Seriously…?! Part Deux

This seems to be the day of finding oddball stories.  In this case, a pair of Physics Professors scoured the internet for any evidence of…time travelers.  SPOILER ALERT: Sadly, they found no evidence of any:

http://www.slate.com/blogs/future_tense/2014/01/03/professors-search-internet-for-evidence-of-time-travelers-don-t-find-any.html

As a fan of science fiction, one of my favorite concepts to explore both in my writings (my own personally written favorite time travel story can be found in the short story collection Shadows at Dawn.  The story is titled Dreams Do Come True) and in the works of others is time travel.  There are plenty of really good stories out there featuring this idea and plenty of others that somehow screw the concept up.

The reality -and allure- of time travel as a concept is that it is so very cool yet also so very messy.  The “grandfather” paradox, which if applied broadly explores the concept of changing your future via traveling to the past, is perhaps the biggest issue regarding any time travel story.  The original concept is that you go back in time and accidentally or on purpose kill your grandfather…before your father was born.  That being the case, how can you (the time traveler) in your present even exist if in the past your grandfather was dead before your father was conceived?

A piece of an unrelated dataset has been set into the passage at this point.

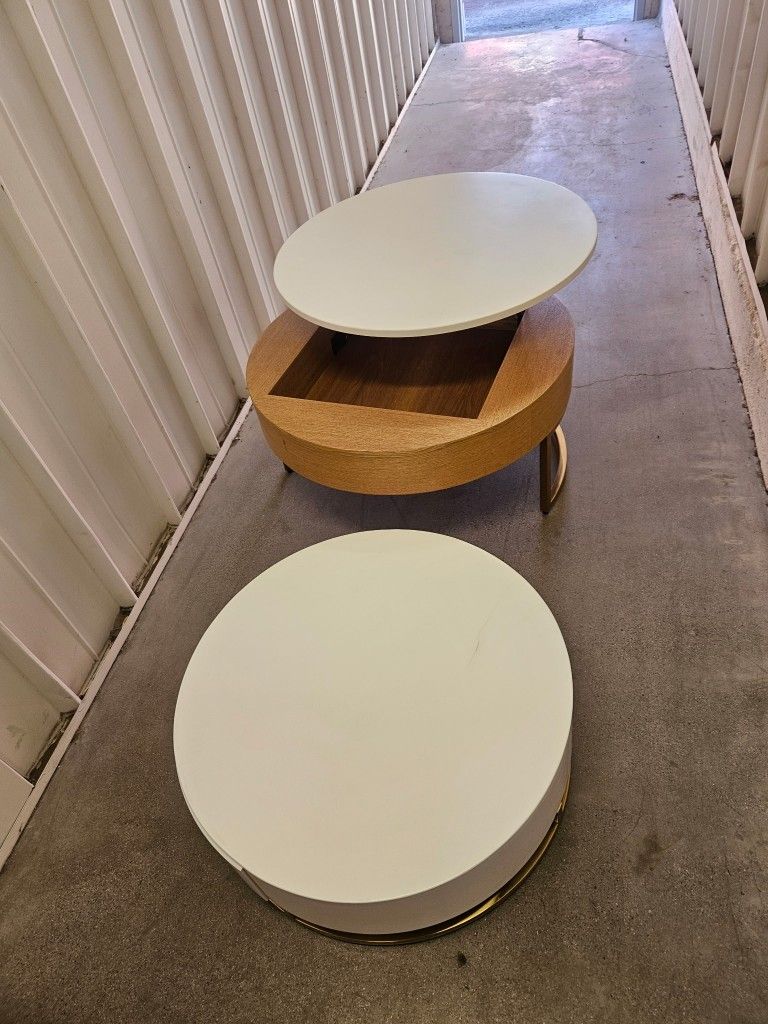 Coffee Tables Located In Mesa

The concept of killing a figure in the past can thus be expanded to others, the most noted one being Adolph Hitler.  So the story goes that you’re in the future and have a time machine.  You go back in time and target and kill Adolph Hitler well before he comes to power in Nazi Germany (perhaps you murder him as a child, perhaps you make sure his parents never meet, etc).

Yet by doing so, you’ve made your “present” Adolph Hitler free.  That being the case, why would you want to go back in time and eliminate this man?  Your present would thus be a whole different one, perhaps one where another figure took over the vacuum left behind by Hitler’s death (there were other geo-political events in motion during that time and it is possible if Hitler didn’t come to power someone else might well have in his place…perhaps someone much smarter, bolder, and crueler -if such a thing is possible).  Or perhaps your future would be so radically altered that there was no time travel…or perhaps no “you”!

Which begs the question: If time travel is possible, can you alter history?  Can you eliminate yourself if you do so?  If not, could time travel actually be some kind of alternate dimensional trip, where instead of going “back” in time you’re actually traveling to an alternate universe that is currently experiencing a different year than yours?  And this brings up another, even more deeply philosophical issue: Is our future thus pre-determined?  While we affect history in the present, does the idea of not being able to “change the past” essentially mean the future is also unchangeable?  If we can’t go back and kill an Adolph Hitler and make a more peace-loving alternate 1930’s era Germany, then could whatever happens from this day forward is also written in stone on some God/alien/Supreme Being’s mountain?  Is our fate pre-determined?

Anyway, getting back to the original article:  No evidence of time travelers.